À la recherche du trésor

Baptiste Billon-Grand a donc conçu, seul, dix énigmes constituant un grand puzzle qui doit permettre de découvrir la cachette, sous terre, d’un trophée en bois, gravé de l’emblème du Parc, le hibou Grand Duc, par une ébéniste de Saint-Pierre-d’Entremont, Pauline Jeambrun.

La première personne à déterrer le trésor sera ainsi récompensée d’un lingotin d’or, d’une valeur d’au moins 1 000 € – selon le cours de l’or. « L’objectif, c’est de faire découvrir le territoire. Bien le connaître, ça aide ; il faudra creuser son histoire et ses spécificités », prévient l’Isérois.

Si les énigmes peuvent se résoudre à distance, deux moments obligeront les participants à être physiquement en Chartreuse : pour obtenir une information cruciale afin d’avancer et, évidemment, pour récupérer le trophée. « Cela peut se jouer à plusieurs, en famille. L’idée est de prendre plaisir à jouer, en se triturant un peu les méninges. »

Des joueurs attendus

Les énigmes font ainsi appel à des « connaissances et des savoirs différents ». Trois de ses amis – qui auront évidemment « interdiction » de jouer – ont pu les tester et lui faire des retours. « J’ai aussi demandé à l’intelligence artificielle d’essayer », signale-t-il : « Le but, c’est que cela ne soit pas si simple. »

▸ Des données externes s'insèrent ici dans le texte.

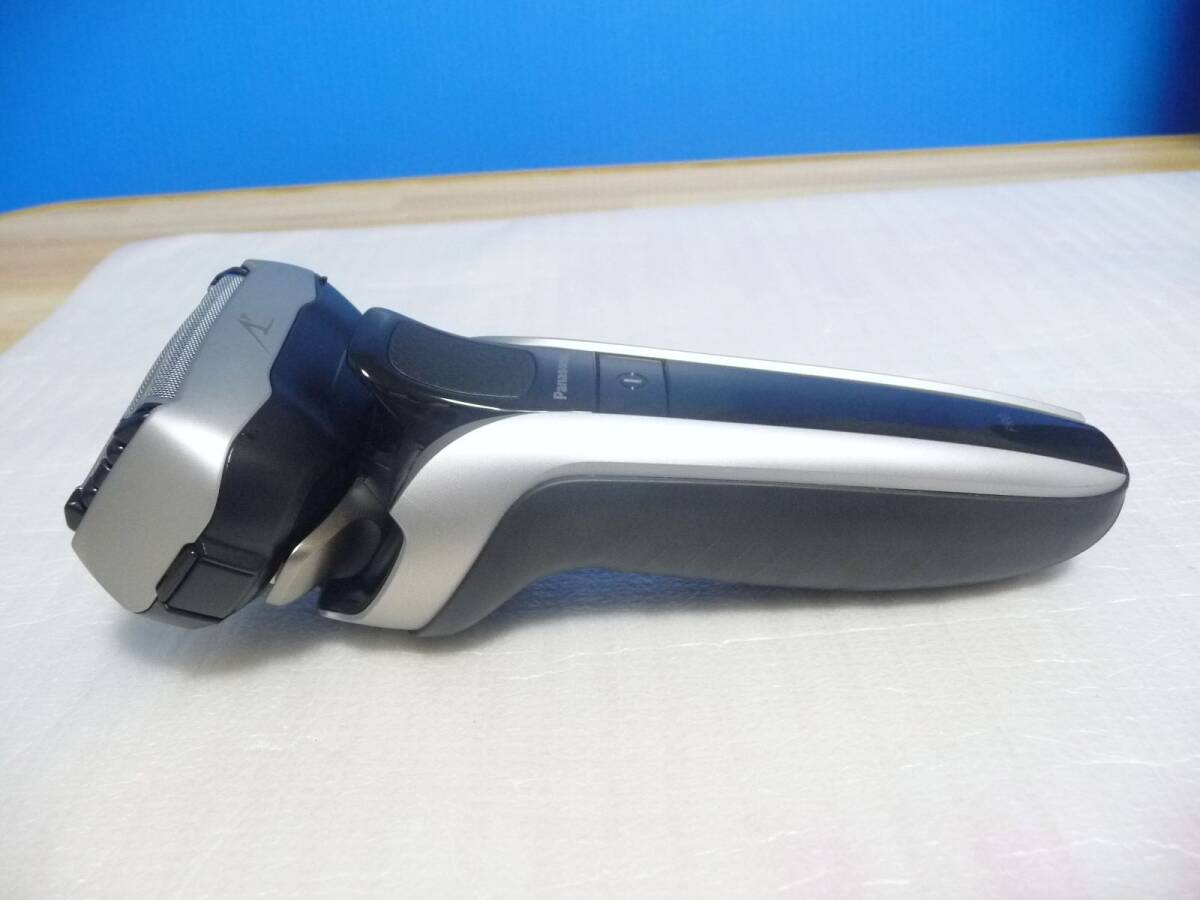 ◆ほぼ新品(展示品) Panasonic メンズシェーバー LAMDASH（ラムダッシュ）PRO ES-LV7J-S [ハイグレードモデル/リニアモーター5枚刃] その2
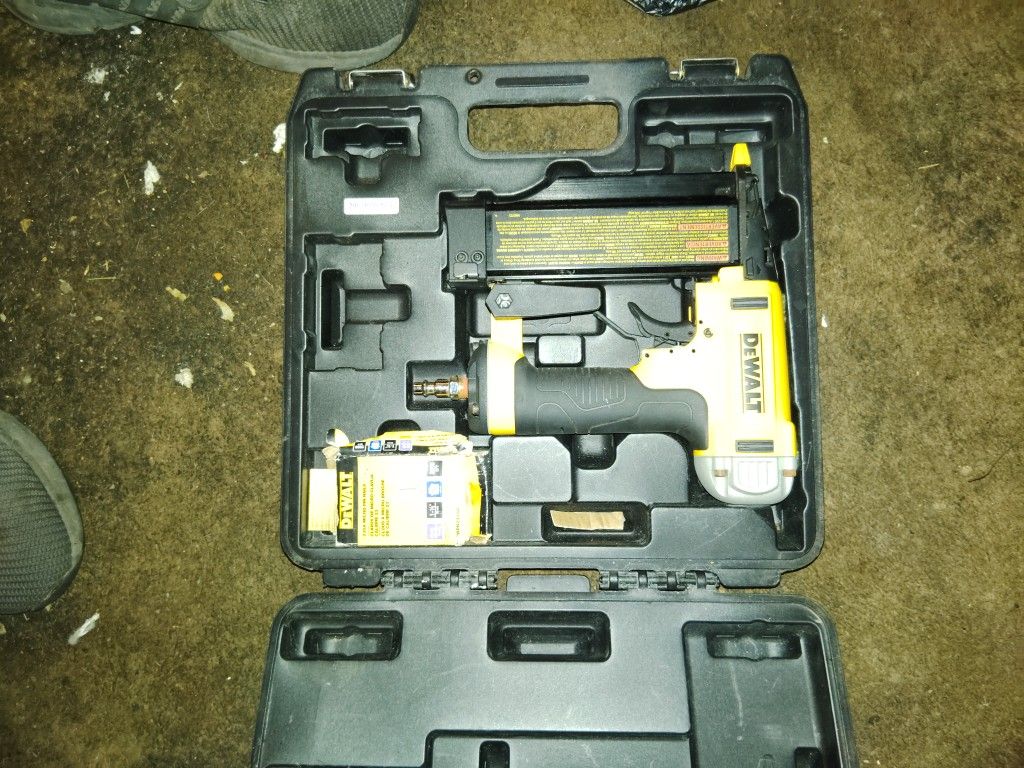 DeWalt Nail Gun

Pour se lancer dans cette aventure et l’encadrer légalement, Baptiste Billon-Grand a créé cet été une microentreprise. Si le jeu est payant, « autour de 18 € », son but n’est pas « de faire de l’argent », assure-t-il en pariant sur un minimum de 100 joueurs pour, a minima, « ne pas en perdre ».

Contrairement à la Chouette d’or, cette chasse au trésor ne durera pas trente ans, promet-il encore, prêt à livrer des indices « si ça n’avance pas ». Alors qu’un millier de personnes suivent déjà la page Facebook où le jeu est teasé , impossible pour lui d’anticiper le nombre de participants qui se prendront au jeu. Mais Baptiste Billon-Grand a de la ressource : « On verra déjà combien de temps cela prend, l’énergie que j’y mets, comment c’est reçu. Mais j’ai assez d’énigmes en stock pour en faire une deuxième… »

* La première énigme sera livrée à la mi-décembre via l’achat d’un PDF sur une boutique en ligne, philibertnet.com ; les neuf autres seront dévoilées en janvier aux participants.